Some Key Releases on Kompakt:
The Mix CD
Immer: Michael Mayer
For any influential DJ, the most challenging demonstration of your musical dexterity is how you mix a set. For your average Berlin deck monkey, a DJ set will last between 4 and 6 hours, allowing all sorts of breathing space for strange and wonderful build-ups and detours. However, cramming that experience into a one hour mix CD is another thing altogether. Kompakt founder Michael Mayer managed this twice; spectacularly. The big fish that got away from the label was his exemplary, revered and upbeat Fabric 13 mix. But ‘Immer’, his first true mix for Kompakt is a monolithic example of the DJ mix as an artform. The whole of ‘Immer’ is greater than the parts. Mayer selects and precisely mixes a series of pieces that mesh together seamlessly, which, while married to the ubiquitous 4/4 beat, progress through a fully realised journey. In contrast to the circular, druggy abstraction of Ricardo Vilallobos, Mayer likes narrative. Many Kompakt mixes feel like mangled pop albums. They have a beginning, middle and end. ‘Immer’ is the ultimate example of this.
The Sampler
Total 3: Various Artists
Every Summer Kompakt announce the arrival of the latest sampler from their ‘Total’ series with a huge party in Cologne. While the quality of the Total series has been somewhat erratic in recent years, the early compilations from the label’s hey-day contain an embarrassment of riches. ‘Total 3’ stands out in particular, and with tracks like Superpitcher’s brooding ‘Tomorrow’, Michael Mayer’s playful ‘Hush Hush Baby’ and Reinhard Voigt’s thumping, spare ‘In aller Freundschaft’ it plays like a who’s who of techno’s most innovative producers at the mid-point of the decade.
The Box Set
Nah und Fern: Gas
‘Nah und Fern’ is the brainchild of Wolfgang Voigt and is a re-released compilation of four near mythical albums of ambient minimal techno, sampled mostly from German classical records, and inspired by the depths of the Black Forest. The vapourous music made by Gas is difficult to convey in prose.

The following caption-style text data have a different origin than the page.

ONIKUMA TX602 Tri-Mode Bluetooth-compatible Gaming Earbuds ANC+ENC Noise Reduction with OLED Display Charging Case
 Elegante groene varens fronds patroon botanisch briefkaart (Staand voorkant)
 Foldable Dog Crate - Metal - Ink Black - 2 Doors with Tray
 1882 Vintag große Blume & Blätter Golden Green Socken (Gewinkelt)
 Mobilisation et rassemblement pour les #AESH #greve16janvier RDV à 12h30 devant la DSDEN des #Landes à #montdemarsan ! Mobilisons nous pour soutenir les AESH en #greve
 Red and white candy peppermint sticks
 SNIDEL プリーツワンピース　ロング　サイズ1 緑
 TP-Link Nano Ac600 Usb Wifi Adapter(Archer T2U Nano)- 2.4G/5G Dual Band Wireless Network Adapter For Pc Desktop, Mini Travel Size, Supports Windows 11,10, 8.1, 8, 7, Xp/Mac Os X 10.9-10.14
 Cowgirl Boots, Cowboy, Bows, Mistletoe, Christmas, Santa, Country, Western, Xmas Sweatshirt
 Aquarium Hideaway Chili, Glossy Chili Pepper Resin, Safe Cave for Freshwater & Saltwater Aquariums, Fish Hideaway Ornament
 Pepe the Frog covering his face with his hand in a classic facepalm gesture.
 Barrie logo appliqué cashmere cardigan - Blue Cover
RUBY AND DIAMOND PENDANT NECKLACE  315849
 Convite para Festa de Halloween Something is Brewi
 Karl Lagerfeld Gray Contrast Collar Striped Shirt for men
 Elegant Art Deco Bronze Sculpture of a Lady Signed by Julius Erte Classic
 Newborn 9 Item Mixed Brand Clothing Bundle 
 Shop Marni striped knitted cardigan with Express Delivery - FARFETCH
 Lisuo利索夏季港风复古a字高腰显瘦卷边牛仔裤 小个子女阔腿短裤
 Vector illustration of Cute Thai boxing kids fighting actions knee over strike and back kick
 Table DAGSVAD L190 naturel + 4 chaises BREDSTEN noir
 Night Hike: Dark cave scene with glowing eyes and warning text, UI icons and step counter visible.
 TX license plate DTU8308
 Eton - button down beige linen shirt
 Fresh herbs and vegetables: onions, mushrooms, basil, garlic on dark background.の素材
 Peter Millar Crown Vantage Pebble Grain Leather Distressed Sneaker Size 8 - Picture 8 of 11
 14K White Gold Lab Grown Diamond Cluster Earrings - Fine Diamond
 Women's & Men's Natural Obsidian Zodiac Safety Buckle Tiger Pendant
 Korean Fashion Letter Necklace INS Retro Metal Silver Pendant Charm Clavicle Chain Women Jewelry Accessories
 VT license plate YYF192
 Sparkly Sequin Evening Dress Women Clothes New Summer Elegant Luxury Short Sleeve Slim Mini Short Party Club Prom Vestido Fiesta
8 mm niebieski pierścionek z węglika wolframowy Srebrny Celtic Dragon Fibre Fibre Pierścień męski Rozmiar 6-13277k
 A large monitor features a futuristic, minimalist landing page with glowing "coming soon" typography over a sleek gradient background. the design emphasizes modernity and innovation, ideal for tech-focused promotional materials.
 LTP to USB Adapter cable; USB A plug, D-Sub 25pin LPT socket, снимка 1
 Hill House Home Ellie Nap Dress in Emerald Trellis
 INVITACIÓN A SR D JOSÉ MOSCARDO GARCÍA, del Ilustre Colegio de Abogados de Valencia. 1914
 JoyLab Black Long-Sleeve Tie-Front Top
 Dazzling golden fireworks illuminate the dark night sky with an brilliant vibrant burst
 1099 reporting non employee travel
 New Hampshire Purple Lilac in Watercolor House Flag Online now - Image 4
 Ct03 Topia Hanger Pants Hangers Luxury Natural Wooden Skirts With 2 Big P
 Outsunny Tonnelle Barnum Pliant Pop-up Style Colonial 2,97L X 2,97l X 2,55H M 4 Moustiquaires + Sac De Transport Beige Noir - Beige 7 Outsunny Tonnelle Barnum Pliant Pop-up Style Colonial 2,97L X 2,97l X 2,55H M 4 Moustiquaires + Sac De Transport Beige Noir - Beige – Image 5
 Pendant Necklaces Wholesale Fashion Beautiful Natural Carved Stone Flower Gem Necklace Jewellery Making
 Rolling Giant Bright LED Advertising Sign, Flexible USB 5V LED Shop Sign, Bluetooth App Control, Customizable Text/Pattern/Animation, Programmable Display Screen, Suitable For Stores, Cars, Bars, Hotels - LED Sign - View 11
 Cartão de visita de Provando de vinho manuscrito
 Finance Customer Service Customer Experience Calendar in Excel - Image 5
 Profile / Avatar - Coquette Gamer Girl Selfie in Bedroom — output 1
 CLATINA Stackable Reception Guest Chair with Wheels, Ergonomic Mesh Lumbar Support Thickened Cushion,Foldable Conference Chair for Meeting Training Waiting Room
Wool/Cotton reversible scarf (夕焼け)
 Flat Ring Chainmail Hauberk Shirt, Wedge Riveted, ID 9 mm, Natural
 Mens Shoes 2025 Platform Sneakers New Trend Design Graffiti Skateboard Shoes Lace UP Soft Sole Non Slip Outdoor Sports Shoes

It’s techno in the barest sense, in that you will often hear 4/4 beats, sometimes close, and sometimes further away in the thick mix. They beat dully like signals through thick fog, either anchoring you or tricking you into following them ever deeper into Voigt’s strange, sometimes scary but always beautiful sonic terrain. Essential.
The Full-Length
From Here we go Sublime: The Field
Like many dance labels, Kompakt butters its bread from the vinyl singles it distributes from its Cologne HQ. Techno is often about that one, blinding shit-hot track a DJ drops at the right moment. Tunes exist in isolation, waiting to be threaded into someone else’s mix. In short, it is an environment where the concept of the album as an artistic statement carries a lot less clout than it does in traditional indie or chart rock. Last year, this trend was bucked spectacularly by Swede Alex Willner (AKA The Field), whose full-length from ‘here we go sublime’ is, well, sublime from start to finish. Glacial, expansive, and exquisite, the album garnered rave (geddit?) reviews on its release and is something of a modern electronic classic.